Sunday, June 22, 2008

bran muffin

One of my great pleasures in Seattle is strolling through the Pike Place Market early in the morning, just as the vendors are setting up.

No tourists yet, just old Asian women arranging flowers and strapping lads raking ice into place for the fish.

USUALLY.

Today, a gaggle of tottering oldsters, all bedecked with tour company baseball caps, cameras, fanny packs, and brand new Rockport shoes had been disgorged by a bus, and they were shuffling hither and yon. My friends and I were trying to get through the line at Lowell's, so we could order our eggs and find a table by the window. There were any number of container barges and cruise ships and ferries to be monitored as we drank our coffee, and we were eager to get seated and start the stirring, sipping, and reflecting.

But no, the universe had other things in mind. A snarky cashier needed to be brought together with said oldsters, all of whom were hard of hearing. The cashier had a litany, and these congregants had not realized they were slacking in their half of the call and response:

"I want eggs."

"How do you want them?"

"And a bran muffin."

"THE EGGS, how do you want them?"

"And a cup of coffee."

"How do you want the EGGS?"

This was bad enough, but then disaster struck when a blueberry muffin was produced instead of a bran muffin. The wife of the man ordering had already walked off with the muffin, as he was trying to exchange it for a bran. Between the wife not understanding that she had the wrong muffin, the man not understanding that he had to return the blueberry if he wanted to get a bran, and the cashier not understanding that no amount of shouting and tattoo-wielding and piercing-clinking was going to intimidate the old man and his wife into understanding the dilemma, the line had snaked out the door and into the produce stand next door.

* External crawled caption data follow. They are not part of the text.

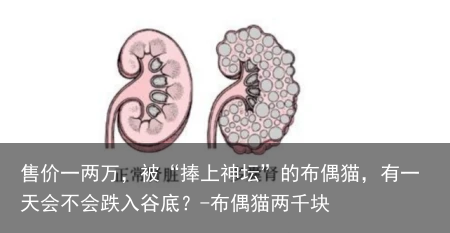 售价一两万，被“捧上神坛”的布偶猫，有一天会不会跌入谷底？-布偶猫两千块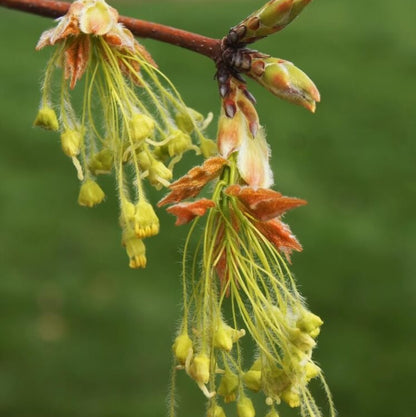 Sugar Maple seeds - Flower Plant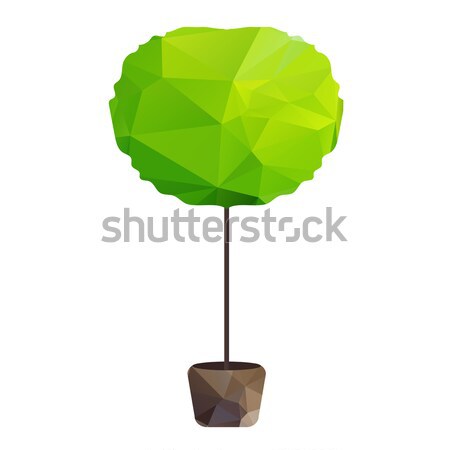 Vektor Dreieck Baum Topf Natur Symbol Stock foto © barsrsind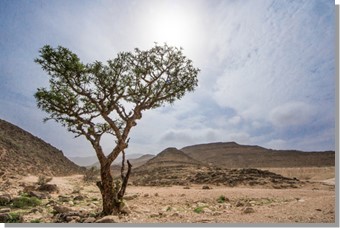 You are currently viewing Le Boswellia serrata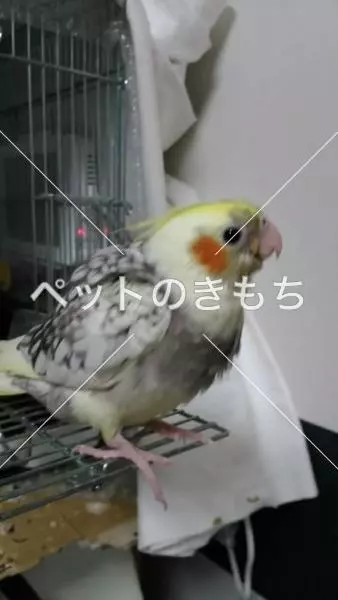 迷子鳥の画像
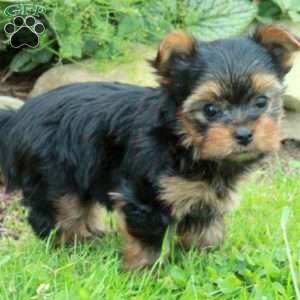 Max, Yorkie Puppy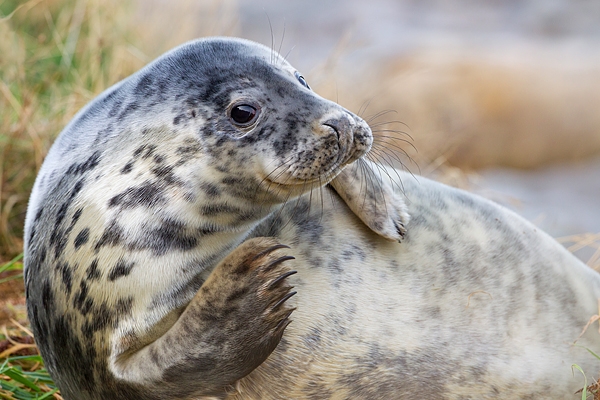 Grey Seal youngster amongst grasses 1. Nov '19.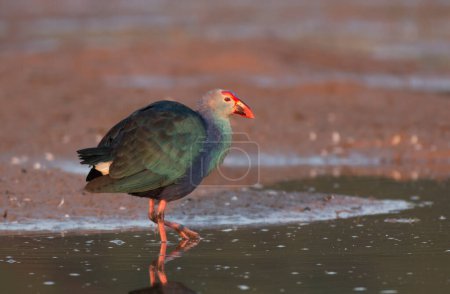 Foto de Primer plano de un hermoso pájaro en el agua - Imagen libre de derechos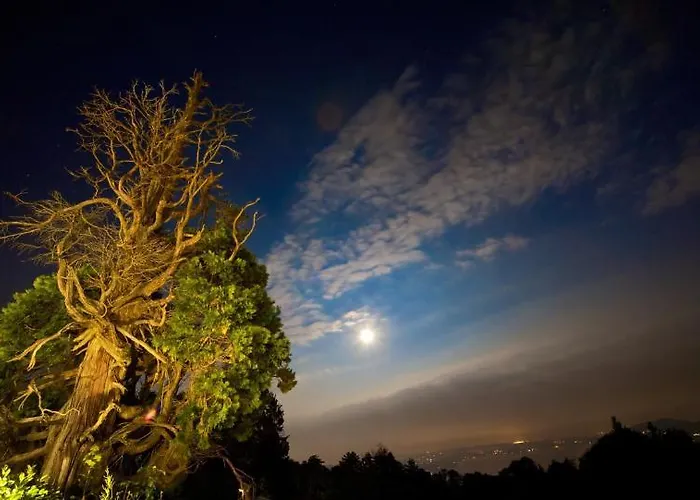 Monterosso Gospodarstwo agroturystyczne Verbania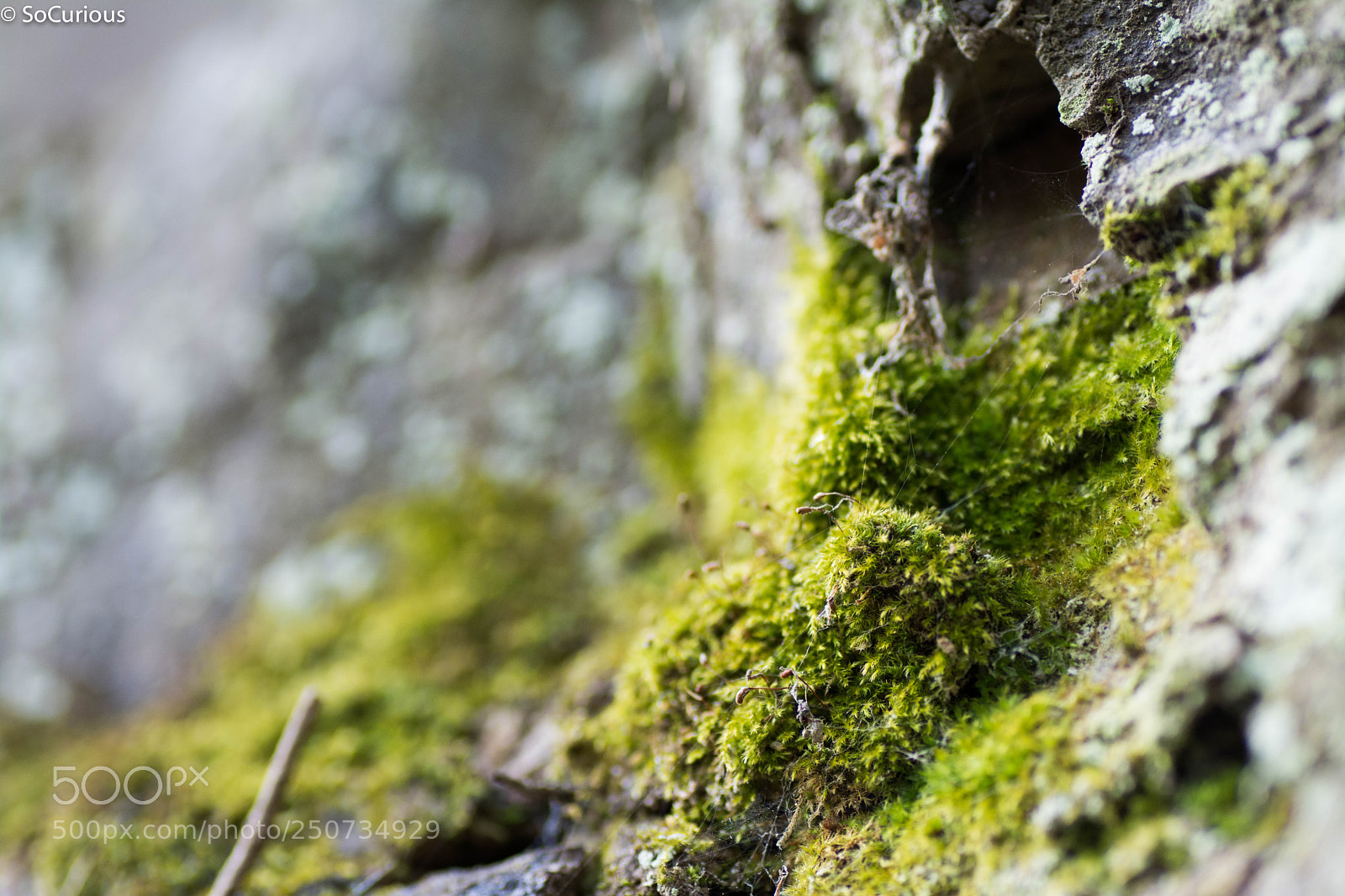 Nikon D7100 sample photo. Moss photography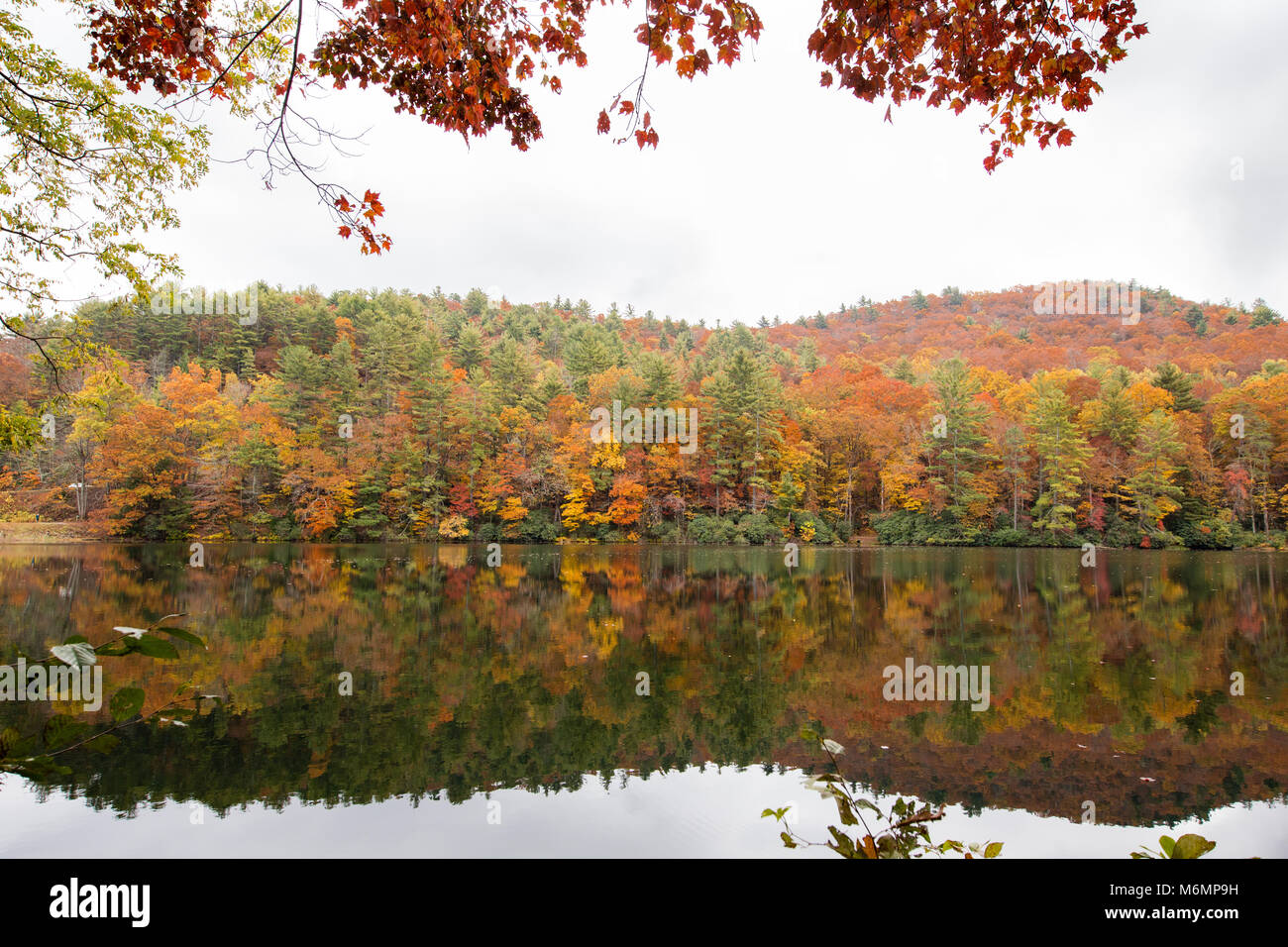Vogel State Park, Blairsville, Georgia Stockfoto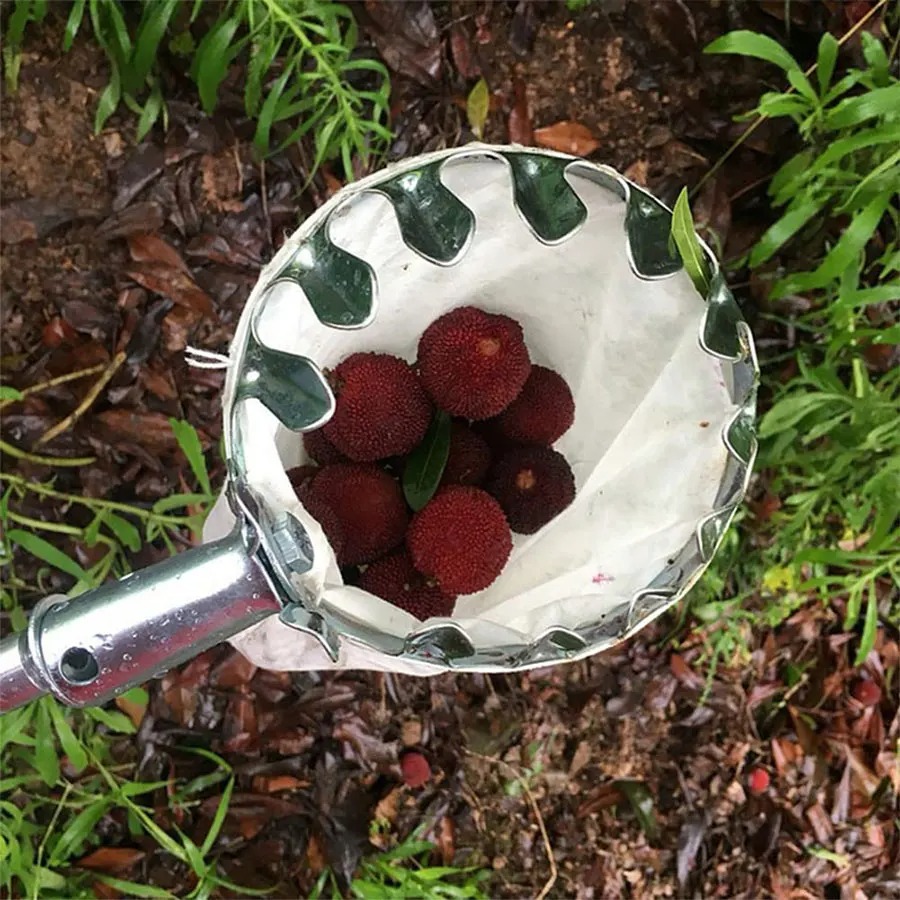Raccogli Frutta Professionale: - Farming Tools For Agriculture recensione e prezzo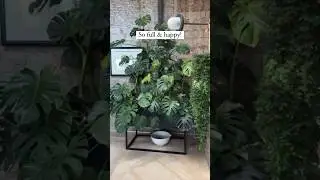 The best way to get your monstera leaves to grow is to attach them to something for support!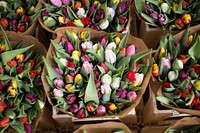 An overhead shot of colorful tulips in bouquets wrapped in brown paper. Original public domain image from <a href="https://commons.wikimedia.org/wiki/File:Tulips_at_an_Amsterdam_flower_market_(Unsplash).jpg" target="_blank" rel="noopener noreferrer nofollow">Wikimedia Commons</a>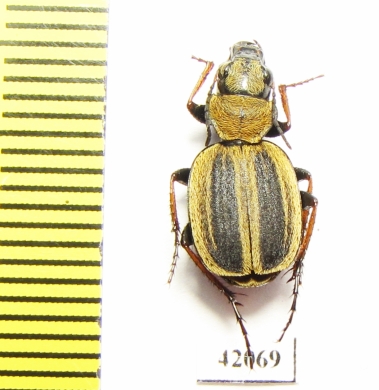 Graphipterus sp.  South Africa Rep. - INSECTS-STORE.RU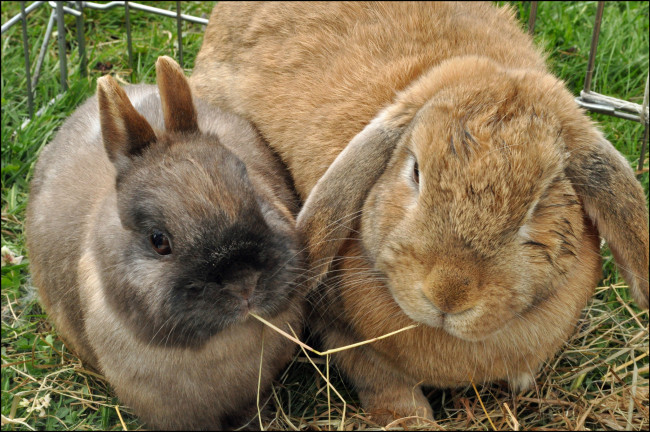 Обои картинки фото животные, кролики,  зайцы, кролика, два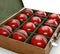 Cricket Balls In Display Box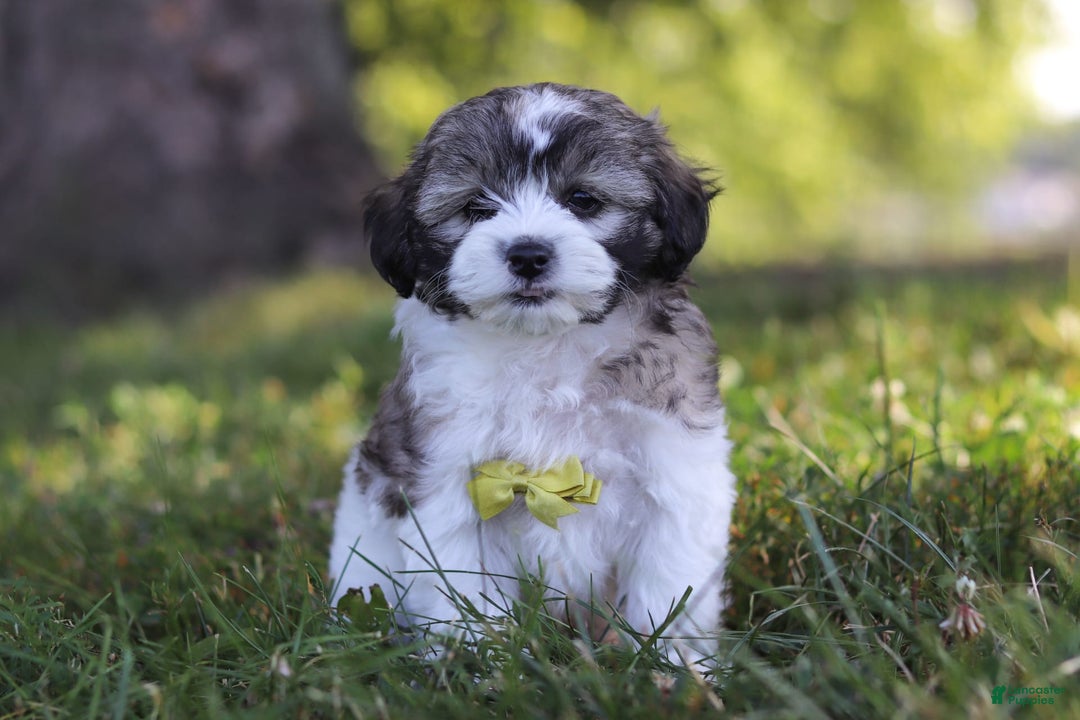 Shihpoo dogs for sale: Luca - Image 6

S. and I tried to ask the universe "how can we help you give the man his bran muffin so that he will get the !&@! out of the line?" (we really took the zen movie to heart), and eventually the universe caved in and spoke to the cashier: "Look, Chica, forget about the math. Two out, money for one in, it's all good."

All this time, "Disco Inferno" was playing. I thought about inviting the whole assembled congregation to forget about the muffins and join me in a little liturgical dance, but I refrained.

It was an oddly satisfying, if cognitively dissonant, soundtrack to the morning.